Cassandra 3.0 Materialized Views Technical Deep Dive

5/15/2023

Reading time:17

Cassandra 3.0 Materialized Views Technical Deep Dive – DOAN DuyHai's blog

This resource is based on an article originally published here.

In this blog post, we’ll dig into the brand new materialized view feature of Cassandra 3.0. We’ll see how it is implemented internally, how you should use it to get the most of its performance and which caveats to avoid.

For the remaining of this post Cassandra == Apache Cassandra™

Being an evangelist for Apache Cassandra for more than a year, I’ve spent my time talking about the technology and especially providing advices and best practices for data modeling.

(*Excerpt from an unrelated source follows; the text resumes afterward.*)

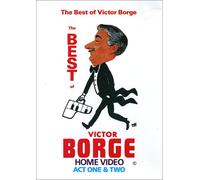 Borge V-Best of Victor Borge [Reino Unido] [DVD]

One of the key point with Cassandra data model is denormalization, aka duplicate your data for faster access. You’re trading disk space for read latency.

If your data is immutable by nature (like time series data/sensor data) you’re good to go and it should work like a charm.

However, mutable data that need to be denormalized are always a paint point. Generally people end up with the following strategies:

denormalize immutable data
for mutable data, either:
- accept to normalize them and pay the price of extra-reads but don’t care about mutation
- denormalize but pay the price for read-before-write and manual handling of updates
since denormalization is required most of the time for different read patterns, you can rely on a 3^rd party indexing solution (like Datastax Enterprise Search or Stratio Lucene-based secondary index or more recently the SASI secondary index) for the job

Both solutions for mutable data are far from ideal because it incurs much overhead for developers (extra-read or sync updated data on the client side)

The materialized views have been designed to alleviate the pain for developers, although it does not magically solve all the overhead of denormalization.

Below is the syntax to create a materialized view:

CREATE MATERIALIZED VIEW [IF NOT EXISTS] keyspace_name.view_name AS 
SELECT column1, column2, ... 
FROM keyspace_name.base_table_name 
WHERE column1 IS NOT NULL AND column2 IS NOT NULL ... 
PRIMARY KEY(column1, column2, ...)

At first view, it is obvious that the materialized view needs a base table. A materialized view, conceptually, is just another way to present the data of the base table, with a different primary key for a different access pattern.

The alert reader should remark the clause WHERE column1 IS NOT NULL AND column2 IS NOT NULL …. This clause guarantees that all columns that will be used as primary key for the view are not null, of course.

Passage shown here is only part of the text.